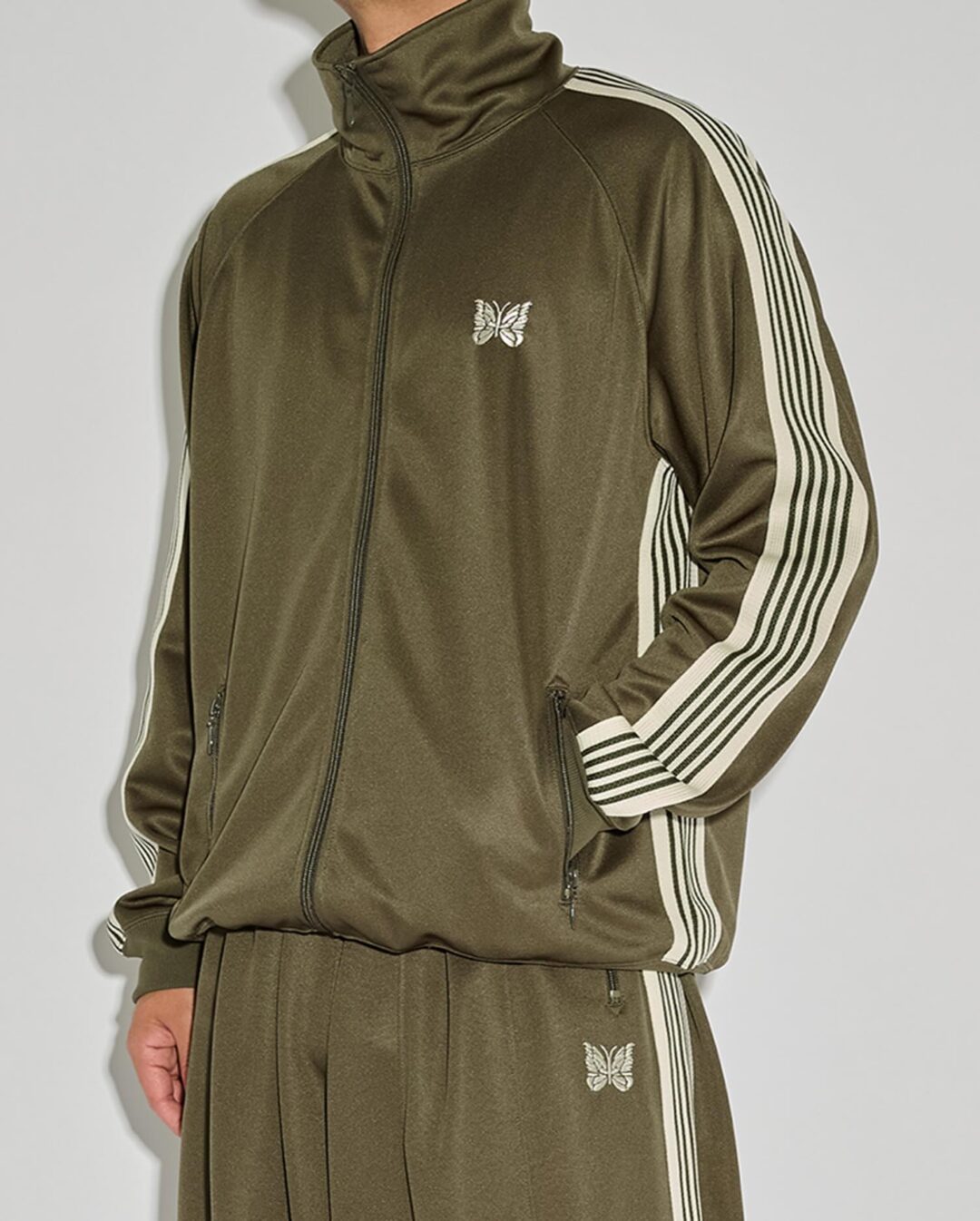 NEEDLES × STUDIOUS 2026 SS 別注 新作 “Track Jacket & H.D. Track Pant – Poly Smooth“ 4カラーが5/21 19:00 発売 (ニードルズ ステュディオス)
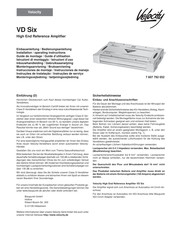 Blaupunkt 7 607 792 052 Guide D'utilisation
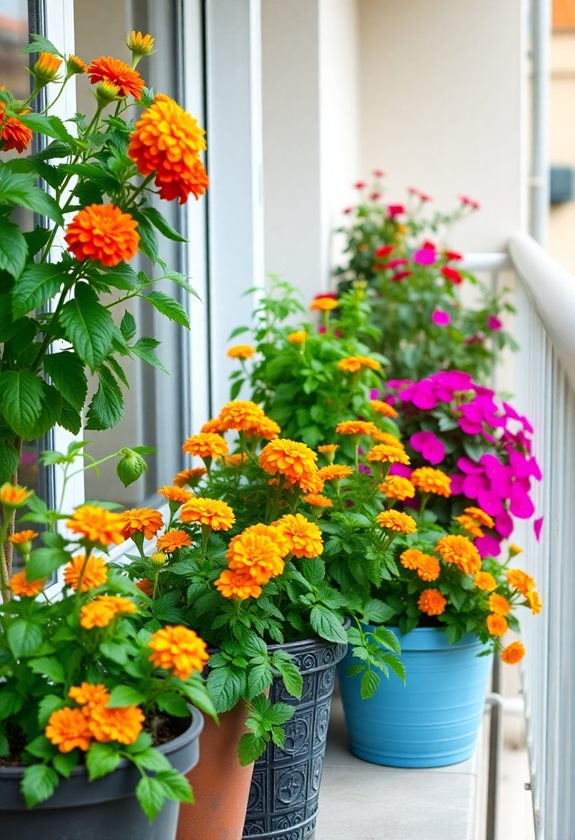 pest repelling plants for gardening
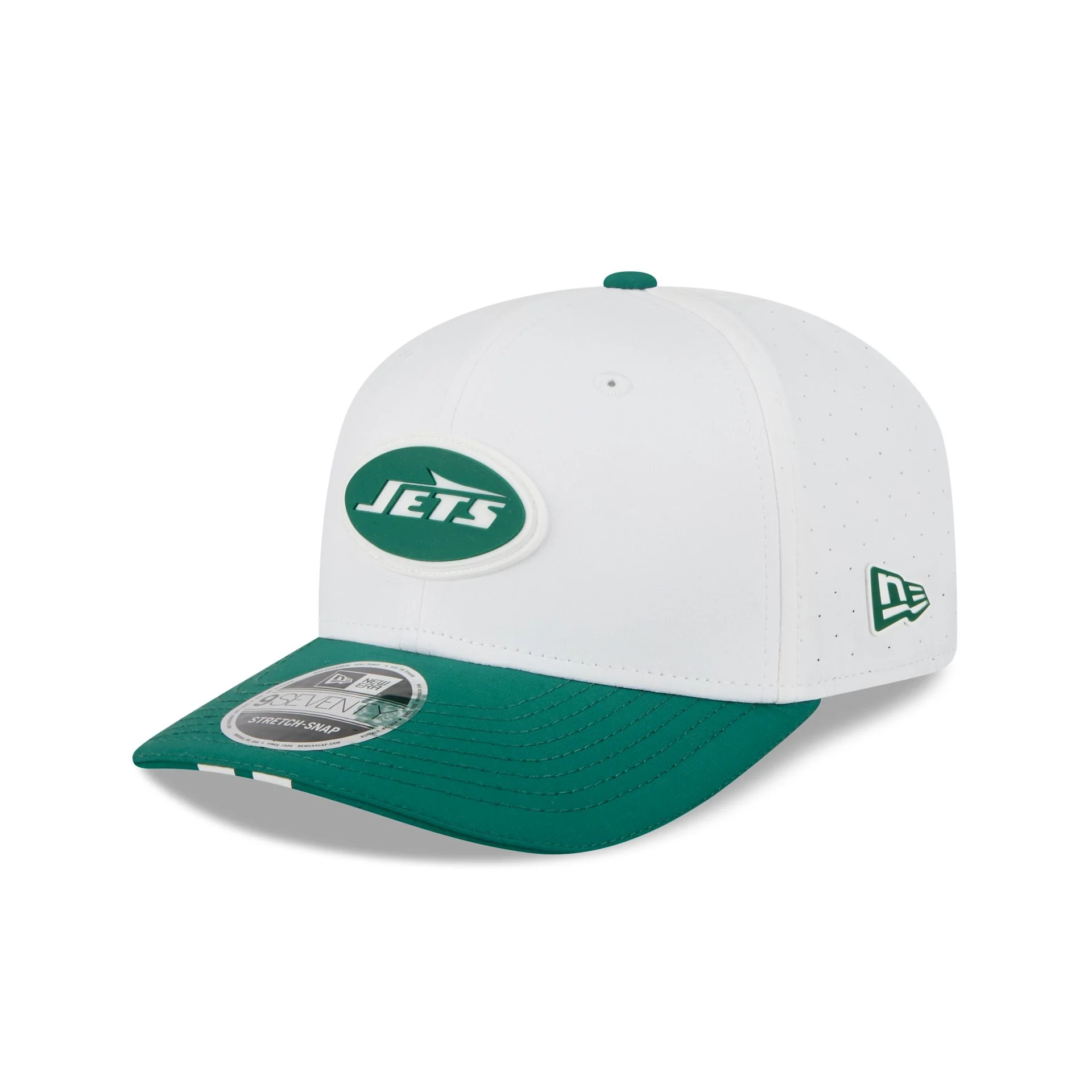 New York Jets 2025 Training 9SEVENTY Stretch-Snap Hat
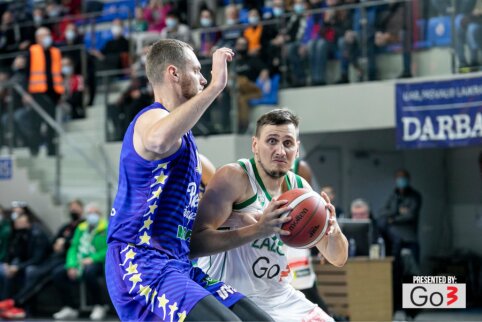 Po pertraukos įsibėgėjęs &bdquo;Žalgiris&ldquo; palaužė &bdquo;Neptūną&ldquo;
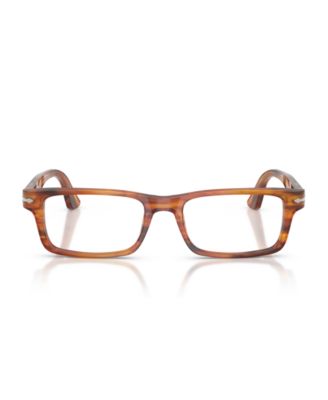 Men's Rectangle Eyeglasses, PO3050V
════════
What the task requires: Repeat the data above in full and exactly. Omit every image.

Task answer:
 NEEDLES × STUDIOUS 2026 SS 別注 新作 “Track Jacket & H.D. Track Pant – Poly Smooth“ 4カラーが5/21 19:00 発売 (ニードルズ ステュディオス)
 Blaupunkt 7 607 792 052 Guide D'utilisation
 pest repelling plants for gardening
 New York Jets 2025 Training 9SEVENTY Stretch-Snap Hat
 Po pertraukos įsibėgėjęs &bdquo;Žalgiris&ldquo; palaužė &bdquo;Neptūną&ldquo;
 Men's Rectangle Eyeglasses, PO3050V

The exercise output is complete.